Lula perdeu o rumo na reta final
Vá lá que a sentença pessimista peque pelo exagero. Mas não tanto que invalide a especulação sobre as possíveis saídas do presidente para encontrar o caminho limpo e o apoio popular nos altos índices ascendentes das pesquisas, dos sucessos da política econômica com mais R$ 300 bilhões de dólares nas arcas do Tesouro, sob a sovina vigilância do presidente do Banco Central, Henrique Meirelles.
Na contramão, a bagunça na casa das mordomias, das mutretas do pior Congresso desde a queda do Estado Novo, viciado em levar vantagem na negociação do voto e que não dá segurança e tranqüilidade ao governo, mesmo com o alto preço da barganha de ministérios, autarquias, cargos de confiança, controle de obras de milhões de reais, desperdiçados na angústia da necessidade para adquirir o apoio e o voto das legendas que ornamentam o leviano bloco majoritário.

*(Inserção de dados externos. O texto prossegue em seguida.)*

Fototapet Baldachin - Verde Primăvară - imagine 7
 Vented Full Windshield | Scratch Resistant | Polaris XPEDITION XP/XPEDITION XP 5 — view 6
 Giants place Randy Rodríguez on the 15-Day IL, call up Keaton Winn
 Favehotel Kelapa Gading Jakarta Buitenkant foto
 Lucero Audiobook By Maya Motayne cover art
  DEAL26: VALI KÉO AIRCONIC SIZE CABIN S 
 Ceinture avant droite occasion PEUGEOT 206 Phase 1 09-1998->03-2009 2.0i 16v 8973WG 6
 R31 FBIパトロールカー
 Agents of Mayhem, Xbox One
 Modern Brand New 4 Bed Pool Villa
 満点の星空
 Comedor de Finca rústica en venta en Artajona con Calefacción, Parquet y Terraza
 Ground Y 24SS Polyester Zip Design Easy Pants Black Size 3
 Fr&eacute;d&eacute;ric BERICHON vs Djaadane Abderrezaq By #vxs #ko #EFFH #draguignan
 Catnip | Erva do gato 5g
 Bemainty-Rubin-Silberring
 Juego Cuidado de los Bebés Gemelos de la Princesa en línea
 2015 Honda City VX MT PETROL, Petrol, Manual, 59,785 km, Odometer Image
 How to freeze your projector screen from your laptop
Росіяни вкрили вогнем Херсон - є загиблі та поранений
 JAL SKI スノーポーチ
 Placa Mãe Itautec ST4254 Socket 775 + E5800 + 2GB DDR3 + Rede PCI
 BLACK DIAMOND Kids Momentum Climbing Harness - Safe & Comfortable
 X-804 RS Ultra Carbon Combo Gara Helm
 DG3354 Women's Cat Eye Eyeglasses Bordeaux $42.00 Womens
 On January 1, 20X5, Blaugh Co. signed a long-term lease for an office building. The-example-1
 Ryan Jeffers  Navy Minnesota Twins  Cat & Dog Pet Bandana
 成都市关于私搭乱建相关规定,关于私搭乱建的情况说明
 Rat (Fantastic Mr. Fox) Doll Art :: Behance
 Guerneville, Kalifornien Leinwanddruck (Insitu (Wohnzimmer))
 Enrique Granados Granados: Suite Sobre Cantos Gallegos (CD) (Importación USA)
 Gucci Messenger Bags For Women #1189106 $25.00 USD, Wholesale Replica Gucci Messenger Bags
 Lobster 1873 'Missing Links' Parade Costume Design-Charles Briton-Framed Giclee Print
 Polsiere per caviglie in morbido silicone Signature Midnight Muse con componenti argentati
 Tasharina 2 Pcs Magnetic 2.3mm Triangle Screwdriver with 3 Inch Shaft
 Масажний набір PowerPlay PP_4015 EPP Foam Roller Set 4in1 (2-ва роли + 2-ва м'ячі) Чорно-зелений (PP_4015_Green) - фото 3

Por falta de experiência, de apreço pelo jogo parlamentar, Lula cometeu erros que passaram despercebidos no período de bonança e hoje mais atrapalham do que ajudam. Certamente, o presidente não precisaria espichar o atrito com o presidente do Senado, Garibaldi Alves, no final do mandato, com a teimosia de abusar das medidas provisórias para trancar a pauta das votações e disputar com o Supremo Tribunal Federal (STF) o controle dos votos e o direito de legislar atropelando o Legislativo. E era tal a segurança do presidente de que talvez não elegesse um poste, mas faria seu sucessor com uma candidatura feita em casa, que lançou numa seqüência de discursos, entrevistas e conversas com jornalistas a candidatura da chefe da Casa Civil, ministra Dilma Rousseff, com 8% na pesquisa divulgada no blog do prefeito Cesar Maia. Os resmungos dos frustrados do PT, que são muitos e com cacife, que sequer sustentam as pretensões a uma vereança municipal.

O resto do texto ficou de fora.